How do I know stators that measure slightly over the specs are bad: I have tested more than a ½ dozen stators where the low speed coil tested 455, 460, 465 ect…when cold when the spec is 450. Every single stator that measured over 450 ohms was bad. Some of them wouldn’t start, some would start but the sled was a pooch and some started, ran decent for a ½ hour to and hour and then died..but after 10-15 minutes they cooled off enough to allow the sled to start again. This last batch of stators..the ones that run “ok” but after a while they die but after they cool off you can start the sled again…are the most frustrating to racers because your sled may show a few signs of the stator dying like it did for Ron on Saturday but you’re not 100% convinced it is the stator because the sled still starts, it misses a little bit, the EGT’s are close with maybe one cylinder slightly lower ect…long story short a marginal stator can drive you NUTS! I measured Ron’s factory stator yesterday and the low side stator coil was 488 ohms…which of course equals a bad low side coil on the stator. In his instance as described above, it was never run long enough to totally die or cause the sled not to start. The continuous starting, short runs and allowing it to cool gave the internal coil wire time to cool off and retract giving it just enough output so the sled would start and run the next time the recoil was pulled. If he had been trail riding more than likely after a period of time it would not have started after stopping.
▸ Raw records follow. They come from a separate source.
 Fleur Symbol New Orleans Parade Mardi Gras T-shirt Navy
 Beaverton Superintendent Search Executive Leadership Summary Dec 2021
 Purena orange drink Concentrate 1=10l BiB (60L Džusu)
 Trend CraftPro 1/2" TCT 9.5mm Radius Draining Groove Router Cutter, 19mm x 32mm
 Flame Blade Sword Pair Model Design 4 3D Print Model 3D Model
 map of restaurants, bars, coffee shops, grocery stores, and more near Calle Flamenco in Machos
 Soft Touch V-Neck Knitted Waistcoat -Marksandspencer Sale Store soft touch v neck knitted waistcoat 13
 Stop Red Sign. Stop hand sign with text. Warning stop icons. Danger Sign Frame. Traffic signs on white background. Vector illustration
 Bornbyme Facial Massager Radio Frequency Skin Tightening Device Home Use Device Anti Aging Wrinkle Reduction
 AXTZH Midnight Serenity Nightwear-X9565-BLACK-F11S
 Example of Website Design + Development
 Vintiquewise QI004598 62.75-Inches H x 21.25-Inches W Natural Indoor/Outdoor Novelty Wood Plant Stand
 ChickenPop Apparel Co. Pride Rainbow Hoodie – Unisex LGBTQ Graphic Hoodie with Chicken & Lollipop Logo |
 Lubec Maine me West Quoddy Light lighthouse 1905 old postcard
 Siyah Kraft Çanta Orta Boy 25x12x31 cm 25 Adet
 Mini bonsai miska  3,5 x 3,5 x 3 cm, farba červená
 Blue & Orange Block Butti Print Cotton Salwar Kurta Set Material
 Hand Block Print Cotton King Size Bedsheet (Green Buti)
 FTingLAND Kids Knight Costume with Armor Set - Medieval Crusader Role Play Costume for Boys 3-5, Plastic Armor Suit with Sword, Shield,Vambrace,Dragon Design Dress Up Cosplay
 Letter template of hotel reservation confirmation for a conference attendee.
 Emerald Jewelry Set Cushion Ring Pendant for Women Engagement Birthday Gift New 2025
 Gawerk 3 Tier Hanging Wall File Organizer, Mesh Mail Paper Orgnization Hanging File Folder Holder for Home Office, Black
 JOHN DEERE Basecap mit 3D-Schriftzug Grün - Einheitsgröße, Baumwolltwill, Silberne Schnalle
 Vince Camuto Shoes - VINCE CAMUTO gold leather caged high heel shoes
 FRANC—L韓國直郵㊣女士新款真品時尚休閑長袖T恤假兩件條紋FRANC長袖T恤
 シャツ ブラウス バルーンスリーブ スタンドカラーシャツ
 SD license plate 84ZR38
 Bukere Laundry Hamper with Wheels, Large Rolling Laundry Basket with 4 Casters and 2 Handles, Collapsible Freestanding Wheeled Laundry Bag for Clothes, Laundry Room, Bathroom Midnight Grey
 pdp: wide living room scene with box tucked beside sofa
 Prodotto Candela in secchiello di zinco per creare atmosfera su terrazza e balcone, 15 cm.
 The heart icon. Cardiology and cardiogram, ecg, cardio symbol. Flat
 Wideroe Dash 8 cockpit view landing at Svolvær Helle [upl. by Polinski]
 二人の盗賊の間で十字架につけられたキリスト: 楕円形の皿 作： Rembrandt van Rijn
Also, Ron didn’t have one of my rewinds in his sled that day…he has 2 or 3 of my stators but he had them in other motors that day. He said that he’ll never run another factory stator at an event again. I don’t claim to be the best but I’ve done a lot of testing, taken my lumps and learned a lot over the past couple of years and believe that I have a very good rewound stator process.
Case in point: This past weekend my buddy Ron Hunyady was at the Davison, MI nonsanctioned fun race. His 1st run of the day the sled ran pretty good and was slightly over revving so he hda to add more weight to the primary. Over the course of the rest of the day he experienced a slight miss at times, the sled slightly back fired when he started it up one time. One time it barley started (He was up at the starting line when that happened so I didn’t hear it). By the end of the day he had taken 40 grams of weight out of the primary trying to get it to rev to 8600 rpms but it was only revving up to 8100 rpms. I had a suspicion that the stator was going bad on it but he thought it was a bad tether connection. There was no way around it… he was losing a lot of hp as the day went on as evidenced by having to remove a lot of primary clutch weight. I couldn’t really check the stator properly because it was always hot/warm and never really let to cool off because of constant test runs, adjusting the tether, thinking that one cylinder was rich so it was jetted down and the jetting was rechecked by starting it on the jack stand ect…so it never was left alone for a couple of hours to cool down.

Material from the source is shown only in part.